Efficient finite difference operators

Hey there,

I have a model that spends most time in functions like this

function Gux!(dudx::Matrix{Numtype},u::Matrix{Numtype})

    dudx[1:end-1,:] = u[2:end,:]-u[1:end-1,:]
    dudx[end,:] = u[1,:]-u[end,:]`

end

that will be evaluated over and over again with changing input matrices u. Preallocating the result dudx and reusing it already gives a speed advantage. I am currently testing a couple of other ways to write essentially the same operation, but I was wondering whether there are any performance tips that are obvious for someone with more insight into Julia. For example, does the order of the lines inside the function matter (regarding reading and writing from memory)? Is Matrix{Numtype} where Numtype could be Float32, Float64 or BigFloat etc. the way to give the compiler enough information what input arguments to expect? The size of u will not change throughtout a computation, hence would it be advantageous to also pass on that information? Furthermore, is the matrix slicing that I use to write, as I find it more convenient than writing loops, a bottleneck?

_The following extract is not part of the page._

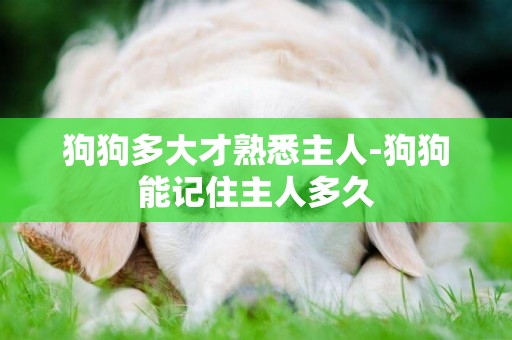 狗狗多大才熟悉主人-狗狗能記住主人多久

I am aware of the column-major order for instance but not sure whether writing with matrix slices always respects that.

Thanks for any hints!

1 Like

you could try the following

julia> function Gux2!(dudx::Matrix{T},u::Matrix{T}) where T
           @views dudx[1:end-1,:] .= u[2:end,:] .- u[1:end-1,:]
           @views dudx[end,:] .= u[1,:] .- u[end,:]
           dudx
       end
julia> u = rand(100,100);

julia> du = zeros(u);

julia> @btime Gux!($du, $u);
  26.539 Ī¼s (18 allocations: 235.17 KiB)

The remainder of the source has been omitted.